What this experience did for me, I recall, other than provide a fresh bankroll for my Excellent Adventure, was to instill a basic distrust of television news: you could go on CBC television and lie through your teeth, and badly. I hadn't known that. Somehow I'd assumed that they'd have someone checking for veracity.
Historical CBC fashion note: The guys who shot this were actually *in uniform*. The producers wore carefully-pressed gray flannel slacks, navy blazers with gold buttons and scrambled-egg CBC *crests* on their breast-pockets, white shirts, ties (probably the CBC Old School stripe) while the cameramen and technicians wore crisp khakis and CBC-logo golf jackets. The technicians would probably have gotten in trouble if they'd worn bluejeans instead of khakis, and the producers would never even have thought of doing it.
If the subculture depicted (or quasi-depicted) in this footage seems utterly silly to you, you might consider that CBC television crews, today, probably don't have dress-codes. The Sixties, so called, did change a few things, and sometimes, definitely, for the better.

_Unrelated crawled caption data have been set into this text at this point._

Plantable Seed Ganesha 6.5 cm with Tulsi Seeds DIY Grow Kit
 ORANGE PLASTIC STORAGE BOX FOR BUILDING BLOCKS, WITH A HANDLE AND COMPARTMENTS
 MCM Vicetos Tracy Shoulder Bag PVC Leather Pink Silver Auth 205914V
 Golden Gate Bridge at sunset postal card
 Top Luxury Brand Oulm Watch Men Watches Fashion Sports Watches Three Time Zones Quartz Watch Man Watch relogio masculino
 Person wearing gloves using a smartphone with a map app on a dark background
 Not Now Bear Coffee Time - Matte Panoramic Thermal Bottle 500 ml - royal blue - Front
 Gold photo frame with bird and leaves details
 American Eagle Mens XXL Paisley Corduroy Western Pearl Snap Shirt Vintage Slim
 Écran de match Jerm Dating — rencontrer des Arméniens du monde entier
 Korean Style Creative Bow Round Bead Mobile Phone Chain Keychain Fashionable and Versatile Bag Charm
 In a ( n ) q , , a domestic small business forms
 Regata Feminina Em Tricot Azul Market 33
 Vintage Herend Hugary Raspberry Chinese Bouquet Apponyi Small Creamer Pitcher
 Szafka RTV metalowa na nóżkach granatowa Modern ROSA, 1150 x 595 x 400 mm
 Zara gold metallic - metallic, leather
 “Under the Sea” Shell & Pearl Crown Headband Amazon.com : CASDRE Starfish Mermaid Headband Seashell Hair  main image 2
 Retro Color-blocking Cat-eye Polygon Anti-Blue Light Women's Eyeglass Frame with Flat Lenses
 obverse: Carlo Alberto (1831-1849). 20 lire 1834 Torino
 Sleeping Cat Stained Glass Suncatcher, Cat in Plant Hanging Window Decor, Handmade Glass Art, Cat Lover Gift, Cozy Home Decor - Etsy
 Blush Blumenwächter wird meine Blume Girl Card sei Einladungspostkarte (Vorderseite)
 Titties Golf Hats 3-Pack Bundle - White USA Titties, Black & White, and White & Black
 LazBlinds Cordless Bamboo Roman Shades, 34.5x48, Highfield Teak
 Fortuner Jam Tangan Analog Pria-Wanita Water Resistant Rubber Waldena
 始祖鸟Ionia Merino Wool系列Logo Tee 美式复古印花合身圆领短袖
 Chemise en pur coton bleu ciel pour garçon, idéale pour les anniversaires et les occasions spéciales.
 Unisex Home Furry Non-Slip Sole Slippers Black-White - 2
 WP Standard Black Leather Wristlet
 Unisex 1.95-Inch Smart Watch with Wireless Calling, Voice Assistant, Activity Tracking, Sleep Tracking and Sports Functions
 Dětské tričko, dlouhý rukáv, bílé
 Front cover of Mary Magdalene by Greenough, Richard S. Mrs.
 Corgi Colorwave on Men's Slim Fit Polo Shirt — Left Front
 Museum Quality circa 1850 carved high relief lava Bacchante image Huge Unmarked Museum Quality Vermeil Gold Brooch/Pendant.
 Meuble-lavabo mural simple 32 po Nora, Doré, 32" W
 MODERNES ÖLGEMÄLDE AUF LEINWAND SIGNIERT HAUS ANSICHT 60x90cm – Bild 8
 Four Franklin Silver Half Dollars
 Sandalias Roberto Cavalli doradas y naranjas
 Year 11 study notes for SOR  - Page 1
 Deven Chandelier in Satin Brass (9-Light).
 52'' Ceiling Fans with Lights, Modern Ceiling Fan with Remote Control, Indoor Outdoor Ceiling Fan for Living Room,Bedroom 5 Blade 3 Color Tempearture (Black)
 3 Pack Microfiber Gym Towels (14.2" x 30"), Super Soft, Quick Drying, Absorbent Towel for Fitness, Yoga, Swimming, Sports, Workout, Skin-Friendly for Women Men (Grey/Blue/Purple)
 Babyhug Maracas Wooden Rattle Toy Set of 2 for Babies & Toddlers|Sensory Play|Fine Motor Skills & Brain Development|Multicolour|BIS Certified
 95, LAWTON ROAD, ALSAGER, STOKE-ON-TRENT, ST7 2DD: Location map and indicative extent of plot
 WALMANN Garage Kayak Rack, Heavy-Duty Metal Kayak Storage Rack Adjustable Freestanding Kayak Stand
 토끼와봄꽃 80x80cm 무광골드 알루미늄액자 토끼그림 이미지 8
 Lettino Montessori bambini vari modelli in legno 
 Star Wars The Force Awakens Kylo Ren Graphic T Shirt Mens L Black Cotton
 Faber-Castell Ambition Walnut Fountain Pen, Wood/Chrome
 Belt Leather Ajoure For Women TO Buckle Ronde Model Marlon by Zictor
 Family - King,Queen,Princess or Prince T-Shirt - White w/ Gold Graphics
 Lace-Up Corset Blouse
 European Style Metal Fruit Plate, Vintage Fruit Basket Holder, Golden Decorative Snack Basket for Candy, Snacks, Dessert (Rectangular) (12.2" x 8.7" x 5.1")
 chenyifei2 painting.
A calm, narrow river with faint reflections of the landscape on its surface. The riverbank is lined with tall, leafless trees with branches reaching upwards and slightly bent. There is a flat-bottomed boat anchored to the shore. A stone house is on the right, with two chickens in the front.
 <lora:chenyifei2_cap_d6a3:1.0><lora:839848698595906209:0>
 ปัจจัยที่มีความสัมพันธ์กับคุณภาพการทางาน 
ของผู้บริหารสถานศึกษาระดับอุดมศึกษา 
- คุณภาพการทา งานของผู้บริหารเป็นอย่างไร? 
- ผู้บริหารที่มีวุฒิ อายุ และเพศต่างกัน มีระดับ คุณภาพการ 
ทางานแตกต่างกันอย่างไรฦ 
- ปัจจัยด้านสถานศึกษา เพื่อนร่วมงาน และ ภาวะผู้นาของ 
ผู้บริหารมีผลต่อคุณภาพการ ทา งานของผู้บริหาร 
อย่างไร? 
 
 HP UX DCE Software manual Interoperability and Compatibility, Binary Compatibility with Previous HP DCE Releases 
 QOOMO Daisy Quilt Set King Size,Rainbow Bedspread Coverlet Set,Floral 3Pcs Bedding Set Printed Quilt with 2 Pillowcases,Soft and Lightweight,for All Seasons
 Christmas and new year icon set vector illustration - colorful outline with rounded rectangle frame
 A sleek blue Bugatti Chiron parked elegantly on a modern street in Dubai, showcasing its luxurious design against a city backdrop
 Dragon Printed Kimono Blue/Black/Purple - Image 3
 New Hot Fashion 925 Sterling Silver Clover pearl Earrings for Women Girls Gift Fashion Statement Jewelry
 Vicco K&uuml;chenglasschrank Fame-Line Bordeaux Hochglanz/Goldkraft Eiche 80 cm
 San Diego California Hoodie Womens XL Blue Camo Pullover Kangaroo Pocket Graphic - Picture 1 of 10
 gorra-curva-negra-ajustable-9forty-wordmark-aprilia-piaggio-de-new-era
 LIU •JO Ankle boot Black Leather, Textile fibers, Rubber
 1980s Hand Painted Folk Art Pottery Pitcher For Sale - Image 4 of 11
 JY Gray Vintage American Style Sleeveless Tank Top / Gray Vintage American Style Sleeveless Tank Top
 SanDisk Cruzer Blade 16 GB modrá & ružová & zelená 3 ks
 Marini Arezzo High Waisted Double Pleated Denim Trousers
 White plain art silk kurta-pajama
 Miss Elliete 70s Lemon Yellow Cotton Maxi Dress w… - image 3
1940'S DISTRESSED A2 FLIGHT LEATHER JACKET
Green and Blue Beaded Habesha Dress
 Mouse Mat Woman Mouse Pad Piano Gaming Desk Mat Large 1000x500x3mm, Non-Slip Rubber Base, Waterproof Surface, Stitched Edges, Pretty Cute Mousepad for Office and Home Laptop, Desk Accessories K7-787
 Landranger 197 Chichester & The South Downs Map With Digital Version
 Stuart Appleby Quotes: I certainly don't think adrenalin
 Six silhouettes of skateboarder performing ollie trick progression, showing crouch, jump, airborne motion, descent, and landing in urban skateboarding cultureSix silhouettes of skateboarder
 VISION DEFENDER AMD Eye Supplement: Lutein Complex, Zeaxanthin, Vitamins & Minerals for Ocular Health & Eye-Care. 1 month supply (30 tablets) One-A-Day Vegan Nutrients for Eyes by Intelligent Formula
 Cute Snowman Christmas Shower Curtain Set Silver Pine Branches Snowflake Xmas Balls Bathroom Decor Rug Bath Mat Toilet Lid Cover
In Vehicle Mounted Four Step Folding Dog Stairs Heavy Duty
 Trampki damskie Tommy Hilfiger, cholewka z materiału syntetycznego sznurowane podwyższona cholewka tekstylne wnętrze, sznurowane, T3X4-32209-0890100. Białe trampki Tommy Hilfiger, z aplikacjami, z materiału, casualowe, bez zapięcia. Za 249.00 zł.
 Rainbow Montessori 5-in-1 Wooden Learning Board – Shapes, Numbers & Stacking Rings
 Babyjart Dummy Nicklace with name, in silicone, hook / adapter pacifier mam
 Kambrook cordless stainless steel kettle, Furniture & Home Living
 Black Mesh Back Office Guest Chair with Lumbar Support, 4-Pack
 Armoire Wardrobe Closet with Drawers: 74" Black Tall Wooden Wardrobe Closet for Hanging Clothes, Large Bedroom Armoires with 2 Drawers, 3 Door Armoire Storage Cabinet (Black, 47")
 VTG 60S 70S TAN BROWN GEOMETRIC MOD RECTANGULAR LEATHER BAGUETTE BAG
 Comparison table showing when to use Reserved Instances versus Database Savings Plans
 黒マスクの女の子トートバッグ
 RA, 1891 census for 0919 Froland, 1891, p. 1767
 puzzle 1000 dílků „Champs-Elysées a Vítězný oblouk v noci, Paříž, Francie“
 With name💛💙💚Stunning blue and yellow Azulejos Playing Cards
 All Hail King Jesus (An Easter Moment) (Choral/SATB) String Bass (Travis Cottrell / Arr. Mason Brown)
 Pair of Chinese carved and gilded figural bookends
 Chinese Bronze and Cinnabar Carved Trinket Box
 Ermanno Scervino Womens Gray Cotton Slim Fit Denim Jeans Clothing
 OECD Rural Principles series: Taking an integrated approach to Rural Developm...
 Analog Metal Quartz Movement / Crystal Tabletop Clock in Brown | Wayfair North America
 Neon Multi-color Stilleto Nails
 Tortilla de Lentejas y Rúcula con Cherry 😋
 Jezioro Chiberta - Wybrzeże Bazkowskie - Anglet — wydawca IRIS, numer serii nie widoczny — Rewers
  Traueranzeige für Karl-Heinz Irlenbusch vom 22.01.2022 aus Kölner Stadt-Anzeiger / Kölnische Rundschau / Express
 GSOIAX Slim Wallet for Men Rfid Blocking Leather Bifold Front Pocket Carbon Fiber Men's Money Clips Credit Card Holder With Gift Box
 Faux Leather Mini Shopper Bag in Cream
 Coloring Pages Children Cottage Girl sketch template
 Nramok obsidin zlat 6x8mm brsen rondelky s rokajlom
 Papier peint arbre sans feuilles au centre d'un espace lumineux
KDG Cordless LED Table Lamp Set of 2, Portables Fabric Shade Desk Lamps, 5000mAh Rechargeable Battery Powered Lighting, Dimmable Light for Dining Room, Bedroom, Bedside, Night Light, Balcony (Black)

As to whether I could have imagined some future technology dredging this up and stapling it to my public persona, yes, indeed, I probably could have, and I suspect I may have vaguely dreaded exactly that. I do know that I was slightly uneasy, years later, when they re-ran this footage and a friend recognized me, and uneasier still, further on, post-authorhood, when someone at CBC figured out that that was in fact me. In the meantime, though, I guess I've gotten used to it. And all things considered, I'd say it was definitely the right thing to do, as it paid for the luxury of my very own bed, a bare lightbulb, and second-hand Pan SF paperbacks. Things a boy needed.
SADIE DOING MOLLY
Diehard Molly-casters might take a look at Paul Anderson's first film, SHOPPING, which features an interestingly Mollyesque turn by Sadie Frost. Anderson told me, when he gave me a cassette of the film, that he'd been thinking of Molly as he developed this character, and that he'd sent Frost off to a movement instructor, in Paris, to be taught "to walk like a man". (SHOPPING, mind you, isn't a film you'd be likely to rent otherwise. A micro-budget first feature about ram-raiding teenagers, the best thing it has going for it is this one odd but definitely special effect -- Sadie Frost walking like a man you wouldn't want to meet in a dark alley). I haven't seen it for years, now, but I remember thinking at the time that Frost was easily the closest thing I'd seen to my own idea of Molly. Sad to say, she's likely a little too old for the part now. Sadder still, Anderson told me (I hope I'm remembering this correctly) that Frost's father was a martial-arts expert of some kind, and that she was already a very convincing scrapper. Saddest of all, she actually came within *this* much of signing on as the Molly-analog in JOHNNY MNEMONIC, but then didn't. I'd had fingers and toes crossed, but it didn't happen.